As we saw in the previous section, any discussion of IIoT security needs to factor in the pillars of information assurance (IA), in addition to physical safety and resiliency. In IIoT, the confidentiality and integrity of data is as relevant as the resiliency of controls and the safety of physical assets and people. In this context, let's define the pillars of IIoT security as follows:
- Confidentiality: Protecting sensitive information from disclosure and maintaining data privacy
- Integrity: Information is not modified, accidentally or purposefully, without being detected
- Authentication: Data is accessed by known entities, while making sure that that data belongs to a known identity or endpoint (this generally follows identification)

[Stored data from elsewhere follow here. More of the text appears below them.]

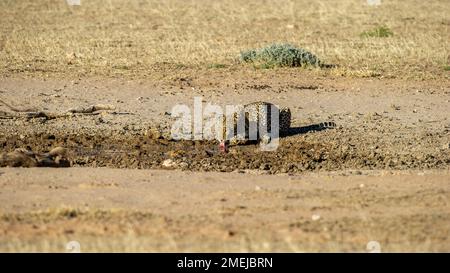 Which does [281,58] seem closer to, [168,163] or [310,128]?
[310,128]

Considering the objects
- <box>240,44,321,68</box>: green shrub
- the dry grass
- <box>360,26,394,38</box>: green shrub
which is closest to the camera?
<box>240,44,321,68</box>: green shrub

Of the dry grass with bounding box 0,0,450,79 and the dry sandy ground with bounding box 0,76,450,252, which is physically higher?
the dry grass with bounding box 0,0,450,79

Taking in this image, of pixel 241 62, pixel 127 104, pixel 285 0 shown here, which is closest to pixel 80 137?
pixel 127 104

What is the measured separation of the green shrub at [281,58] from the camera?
53.1 ft

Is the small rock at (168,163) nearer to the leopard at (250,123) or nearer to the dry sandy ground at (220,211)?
the dry sandy ground at (220,211)

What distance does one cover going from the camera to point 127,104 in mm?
13328

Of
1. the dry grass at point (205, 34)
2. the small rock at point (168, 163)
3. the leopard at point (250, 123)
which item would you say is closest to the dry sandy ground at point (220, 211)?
the small rock at point (168, 163)

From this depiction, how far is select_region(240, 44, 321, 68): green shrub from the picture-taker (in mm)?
16188

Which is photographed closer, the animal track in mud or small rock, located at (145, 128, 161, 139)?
the animal track in mud

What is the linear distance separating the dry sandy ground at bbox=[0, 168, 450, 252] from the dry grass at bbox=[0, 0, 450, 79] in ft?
20.7

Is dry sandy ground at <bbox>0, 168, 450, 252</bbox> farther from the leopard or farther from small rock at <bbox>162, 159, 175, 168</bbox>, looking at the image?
the leopard

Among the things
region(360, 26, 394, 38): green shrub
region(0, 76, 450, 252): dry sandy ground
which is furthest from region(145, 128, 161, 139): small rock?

- Non-repudiation: Ensuring that an individual or system cannot later deny having performed an action
- Availability: Ensuring that information is available when needed
In addition to these pillars, the disciplines of resiliency and safety are defined as:
- Resilience: Ensuring the industrial control system maintains state awareness and an accepted level of operational normalcy in response to disturbances, including threats of an unexpected and malicious nature
- Safety: Ensuing in the event of an attack that the affected system does not cause injury, harm, or damage to the environment or people
In the foundation of these tenets of IIOT security, let's examine the typical threats, vulnerabilities, and risk factors that are pertinent to connected industrial systems.
A threat can be defined as the potential of an exploit for a given system. Threat actors refers to the adversaries who trigger or inflict the exploit. In the case of an industrial system, such as a wind turbine, a threat actor could be either natural or man-made.
In the IIoT context, threats impact both the information and physical domains. The privacy and integrity of machine data—both control and payload—have the potential to be exploited. Unauthorized access and manipulation of IoT platforms, software, and firmware are also potential threats. On the other hand, IoT devices and control systems are exposed to physical reliability, resilience, and safety threats. Control system transfer functions, state estimation filters, sensing, feedback loops, and so on can also be targeted by malicious players. For example, manipulating a sensor/actuator system can cause a control valve to transmit dangerous levels of chemicals that may damage the immediate environment or interdependent system.
There is no silver bullet for industrial security, even though some brands lay claim to it. The adoption of digital technologies expose new types of attack vectors, and newer attack surfaces. A practical approach for IIoT security is to adopt a defense in depth strategy for security, wherein each defense mechanism makes it so much more formidable for the attacker.
Defense in depth (also known as the Castle Approach) is a concept found in IA, where multiple layers of security controls (defense) are placed throughout the architecture to be protected. Its intent is to provide redundancy in the event if any one security control fails or a vulnerability is exploited, the system will still be protected. These defenses can cover aspects of personnel, procedural, technical, and physical security for the duration of the system's life cycle. For any specific use case, system architects need to consider how the data flows and how to secure the data flow. Determining which data is important and needs protection within a given context is also vital.
Threat actors, in the case of IIoT systems, include:
- Cyberattackers: The sophistication of attacks is growing worldwide and monetary gains associated with the dark web are also on the rise. Even if no monetary gains are involved, a cyberattacker may spy, spoof, inject malicious malware, or launch a DDoS attack.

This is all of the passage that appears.